▶ _What you are asked to do_:
From the entries below, print exactly the span beginning with the line holding "Earth space sun" and ending with the line holding "Puede incluir: Una", endpoints included, and skip any pictures.

▶ _Material for this task_:
=== Section Start ===
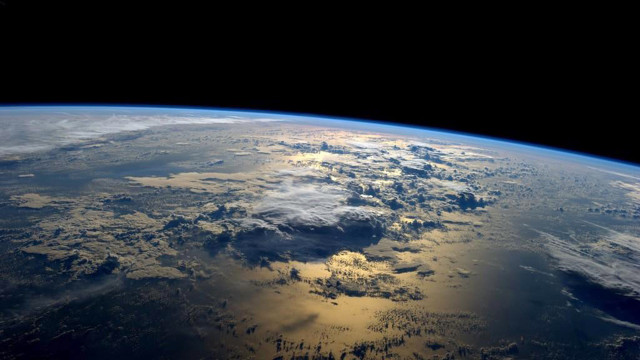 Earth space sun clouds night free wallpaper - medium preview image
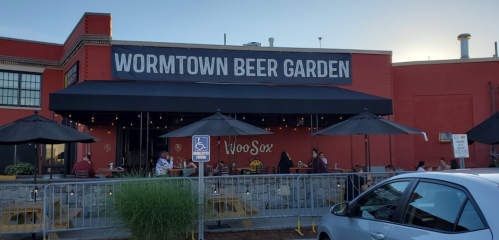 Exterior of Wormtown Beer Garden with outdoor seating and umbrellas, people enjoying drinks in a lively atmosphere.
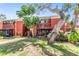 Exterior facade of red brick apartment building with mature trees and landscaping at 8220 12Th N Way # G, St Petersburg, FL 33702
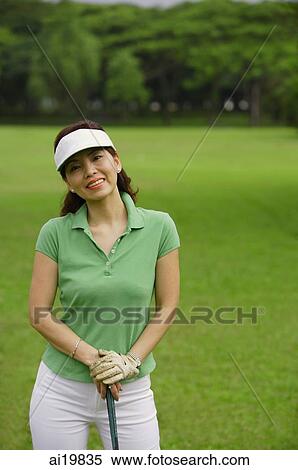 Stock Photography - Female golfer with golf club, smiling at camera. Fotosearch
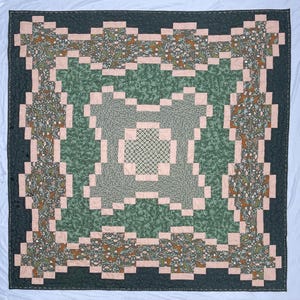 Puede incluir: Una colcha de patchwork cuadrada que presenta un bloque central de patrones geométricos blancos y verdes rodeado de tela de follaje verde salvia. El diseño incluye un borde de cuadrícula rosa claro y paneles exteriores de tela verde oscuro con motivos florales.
=== Section End ===
=== Section Start ===
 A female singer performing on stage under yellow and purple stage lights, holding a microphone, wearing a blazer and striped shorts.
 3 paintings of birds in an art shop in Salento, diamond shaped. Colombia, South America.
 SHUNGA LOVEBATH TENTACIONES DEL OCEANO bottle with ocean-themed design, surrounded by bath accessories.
=== Section End ===
▶ _Answer to this problem_:
 Earth space sun clouds night free wallpaper - medium preview image
 Exterior of Wormtown Beer Garden with outdoor seating and umbrellas, people enjoying drinks in a lively atmosphere.
 Exterior facade of red brick apartment building with mature trees and landscaping at 8220 12Th N Way # G, St Petersburg, FL 33702
 Stock Photography - Female golfer with golf club, smiling at camera. Fotosearch
 Puede incluir: Una colcha de patchwork cuadrada que presenta un bloque central de patrones geométricos blancos y verdes rodeado de tela de follaje verde salvia. El diseño incluye un borde de cuadrícula rosa claro y paneles exteriores de tela verde oscuro con motivos florales.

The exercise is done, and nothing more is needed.